■ Record set

_ _ _ _ _

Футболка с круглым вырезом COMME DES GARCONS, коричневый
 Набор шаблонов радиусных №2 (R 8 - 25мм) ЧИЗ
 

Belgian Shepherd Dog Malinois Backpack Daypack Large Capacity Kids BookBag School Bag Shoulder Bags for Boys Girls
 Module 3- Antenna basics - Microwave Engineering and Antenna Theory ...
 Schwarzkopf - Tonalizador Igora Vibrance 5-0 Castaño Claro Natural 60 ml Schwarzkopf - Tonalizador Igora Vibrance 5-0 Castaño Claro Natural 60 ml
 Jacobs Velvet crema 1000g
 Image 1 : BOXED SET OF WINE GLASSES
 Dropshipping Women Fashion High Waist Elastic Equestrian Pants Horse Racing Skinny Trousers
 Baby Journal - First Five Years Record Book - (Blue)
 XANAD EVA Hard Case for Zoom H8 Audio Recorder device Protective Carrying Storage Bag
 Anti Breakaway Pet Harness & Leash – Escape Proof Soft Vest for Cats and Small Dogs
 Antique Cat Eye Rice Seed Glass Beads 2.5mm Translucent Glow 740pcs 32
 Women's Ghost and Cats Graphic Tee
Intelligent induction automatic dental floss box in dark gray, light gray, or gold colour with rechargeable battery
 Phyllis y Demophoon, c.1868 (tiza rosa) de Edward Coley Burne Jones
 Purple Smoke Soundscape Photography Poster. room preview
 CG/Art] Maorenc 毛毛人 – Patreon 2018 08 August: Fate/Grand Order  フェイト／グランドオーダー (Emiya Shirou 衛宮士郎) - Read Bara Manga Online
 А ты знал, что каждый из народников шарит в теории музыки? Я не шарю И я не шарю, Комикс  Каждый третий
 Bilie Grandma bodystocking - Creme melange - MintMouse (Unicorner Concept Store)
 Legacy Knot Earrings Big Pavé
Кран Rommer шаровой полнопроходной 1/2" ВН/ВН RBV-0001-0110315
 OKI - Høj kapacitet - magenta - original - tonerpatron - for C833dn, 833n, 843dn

_ _ _ _ _

■ Work order
Every record above is to be copied out exactly.

■ Solution to the problem
Футболка с круглым вырезом COMME DES GARCONS, коричневый
 Набор шаблонов радиусных №2 (R 8 - 25мм) ЧИЗ
 

Belgian Shepherd Dog Malinois Backpack Daypack Large Capacity Kids BookBag School Bag Shoulder Bags for Boys Girls
 Module 3- Antenna basics - Microwave Engineering and Antenna Theory ...
 Schwarzkopf - Tonalizador Igora Vibrance 5-0 Castaño Claro Natural 60 ml Schwarzkopf - Tonalizador Igora Vibrance 5-0 Castaño Claro Natural 60 ml
 Jacobs Velvet crema 1000g
 Image 1 : BOXED SET OF WINE GLASSES
 Dropshipping Women Fashion High Waist Elastic Equestrian Pants Horse Racing Skinny Trousers
 Baby Journal - First Five Years Record Book - (Blue)
 XANAD EVA Hard Case for Zoom H8 Audio Recorder device Protective Carrying Storage Bag
 Anti Breakaway Pet Harness & Leash – Escape Proof Soft Vest for Cats and Small Dogs
 Antique Cat Eye Rice Seed Glass Beads 2.5mm Translucent Glow 740pcs 32
 Women's Ghost and Cats Graphic Tee
Intelligent induction automatic dental floss box in dark gray, light gray, or gold colour with rechargeable battery
 Phyllis y Demophoon, c.1868 (tiza rosa) de Edward Coley Burne Jones
 Purple Smoke Soundscape Photography Poster. room preview
 CG/Art] Maorenc 毛毛人 – Patreon 2018 08 August: Fate/Grand Order  フェイト／グランドオーダー (Emiya Shirou 衛宮士郎) - Read Bara Manga Online
 А ты знал, что каждый из народников шарит в теории музыки? Я не шарю И я не шарю, Комикс  Каждый третий
 Bilie Grandma bodystocking - Creme melange - MintMouse (Unicorner Concept Store)
 Legacy Knot Earrings Big Pavé
Кран Rommer шаровой полнопроходной 1/2" ВН/ВН RBV-0001-0110315
 OKI - Høj kapacitet - magenta - original - tonerpatron - for C833dn, 833n, 843dn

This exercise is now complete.